Effective May 1, 2013, Medicare contractors will activate edits that will deny claims for Medicare Part B (including imaging and lab services), DME, and Part A home health agency (HHA) services if the ordering/referring physician or other professional is not identified, is not in Medicare's enrollment records, or is not of a specialty type that may order/refer the service/item being billed. Concerns have been raised by physicians and suppliers that they could experience claims denials and delays after May 1 based on discrepancies between the names of the ordering physician on the 1500 claim form and in Medicare’s enrollment records. CMS is holding a March 20, 2013 National Provider Call to discuss these new requirements.
In preparation for the October 1, 2014, ICD-10 code set implementation date, CMS has posted a variety of ICD-10 checklists and planning timelines for provider practices, hospitals, and payers. CMS also has outlined suggested steps for ensuring a smooth transition to ICD-10 and preparing for potential cash-flow disruptions from claims processing delays. For instance, CMS encourages providers to process ICD-9 transactions before the October 1, 2014 deadline “to avoid facing a major backlog.”

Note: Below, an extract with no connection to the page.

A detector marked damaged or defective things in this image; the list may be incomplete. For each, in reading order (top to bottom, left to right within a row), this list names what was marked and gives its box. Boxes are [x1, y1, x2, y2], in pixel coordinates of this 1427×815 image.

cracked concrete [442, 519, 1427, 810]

CMS is extending the 2013 Medicare participation enrollment period for suppliers of durable medical equipment, prosthetics, orthotics, and supplies (DMEPOS) until April 15, 2013. By way of background, a supplier that signs a participation agreement commits to accepting the Medicare Part B rate as payment in full for all beneficiaries. Changes in a supplier’s participation status can only be made during the annual open enrollment period. While CMS is extending the deadline because some suppliers apparently were not aware of a previous deadline extension to February 15, the new announcement gives suppliers another opportunity to examine their participation status in light of recent Medicare payment developments, including sequestration and upcoming Medicare cuts for retail diabetic testing supplies. Any change in election status will be effective January 1, 2013, but CMS will not reprocess claims already filed.
CMS has posted the April 2013 Medicare Part B ASP files.CMS observes that average drug prices in the market generally remain stable, with prices for the top Part B drugs decreasing by 0.5% from the first to second quarter of 2013. Note that unlike other recent quarterly updates, CMS does not provide an update on implementation of average-manufacturer price based price substitutions (CMS previously stated that it was delaying implementation due to “a variety of operational issues”).